Hypothesis Testing

Review

Who can explain this slide for me!?

Hypothesis Testing

Inductive versus deductive reasoning

Induction is bottom up approach to reasoning, proceeding from specific observations to general explanations.

Deduction goes the other way: from general to specific.

All methods of doing science use both inductive and deductive reasoning, but the emphasis that they receive differs.

Deduction

Emphasis is on falsification
Requires multiple working hypotheses
In the end, there is (hopefully) only one that hasn’t been falsified
Limitation: “correct” hypothesis MUST be among the alternatives studied

Induction

Emphasis is on confirmation
Builds and modifies hypothesis based on previous knowledge
Limitation: may “get off on wrong foot” if hypothesis is just plain wrong

Testing Hypotheses

Consider a dataset of femoral head diameters from male and female baboons.

Make a boxplot of FHD by sex with points overlaid on the boxes.

Null Hypothesis

The null hypothesis is the simplest possible explanation for a phenomenon. This explanation is usually that random variation is responsible for any apparent pattern.

Question: In the case of our baboons, what is the null hypothesis?

Alternatives to the Null

Next, we create one or more statistical alternative hypotheses.

Alternative = difference between male and female femoral head diameters is too great to be accounted for by chance alone.

Most of the time, we don’t explicitly specify the alternative, we just suffice it so say that the alternative is “not \(H_0\)”

The alternative hypothesis is focused on the pattern in the data…not the cause of it.

The all powerful p-value

In terms of conditional probability, the p value represents

\[ P(Data\ |\ H_0) \]

The all powerful p-value

For baboons, we might use a T-test to compare means.

Like all parametric statistics, the T-test returns a test statistic.

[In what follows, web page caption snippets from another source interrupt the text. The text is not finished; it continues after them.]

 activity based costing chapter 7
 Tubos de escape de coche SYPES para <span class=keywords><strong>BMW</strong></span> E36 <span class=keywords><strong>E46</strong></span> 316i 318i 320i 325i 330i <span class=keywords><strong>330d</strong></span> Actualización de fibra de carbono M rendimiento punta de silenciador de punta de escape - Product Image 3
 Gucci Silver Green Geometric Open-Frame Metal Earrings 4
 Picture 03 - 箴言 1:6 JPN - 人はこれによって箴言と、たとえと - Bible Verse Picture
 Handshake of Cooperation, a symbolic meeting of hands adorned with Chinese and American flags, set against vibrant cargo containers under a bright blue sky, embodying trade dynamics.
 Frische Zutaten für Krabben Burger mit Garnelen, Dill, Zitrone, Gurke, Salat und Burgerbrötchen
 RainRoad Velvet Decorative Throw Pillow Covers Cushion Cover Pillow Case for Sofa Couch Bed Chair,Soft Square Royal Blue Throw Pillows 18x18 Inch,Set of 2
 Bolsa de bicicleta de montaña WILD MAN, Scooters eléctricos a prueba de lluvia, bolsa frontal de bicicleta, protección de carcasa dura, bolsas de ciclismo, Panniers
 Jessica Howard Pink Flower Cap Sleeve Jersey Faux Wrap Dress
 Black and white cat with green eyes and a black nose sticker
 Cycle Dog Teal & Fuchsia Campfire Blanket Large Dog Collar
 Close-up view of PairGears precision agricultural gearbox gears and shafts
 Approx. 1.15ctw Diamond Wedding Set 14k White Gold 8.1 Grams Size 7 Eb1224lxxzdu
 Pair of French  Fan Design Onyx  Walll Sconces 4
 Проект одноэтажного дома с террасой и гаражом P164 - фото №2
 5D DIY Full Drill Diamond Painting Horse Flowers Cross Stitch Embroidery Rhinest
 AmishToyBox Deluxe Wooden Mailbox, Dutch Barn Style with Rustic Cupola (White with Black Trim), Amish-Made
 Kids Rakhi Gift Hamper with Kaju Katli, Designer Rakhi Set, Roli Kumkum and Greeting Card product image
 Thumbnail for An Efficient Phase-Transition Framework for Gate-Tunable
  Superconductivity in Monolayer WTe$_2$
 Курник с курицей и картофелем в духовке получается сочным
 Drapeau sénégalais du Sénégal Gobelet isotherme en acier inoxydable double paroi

Because we are assuming that the null hypothesis is true for the moment, we can compute an expected T distribution.

The all powerful p-value

Which R function would tell me the cumulative amount of probably density in this distribution up to our observed value?

The all powerful p-value

Our T-test would return a very low p value.

Highly unlikely to get two sex groups with means as different as ours, if the variation was attributable only to chance. We know this because we know the distribution of the T statistic when the null hypothesis if true.

If you only remember one thing from this class…

The p-value is an estimate of how likely our data are, assuming the null hypothesis is true.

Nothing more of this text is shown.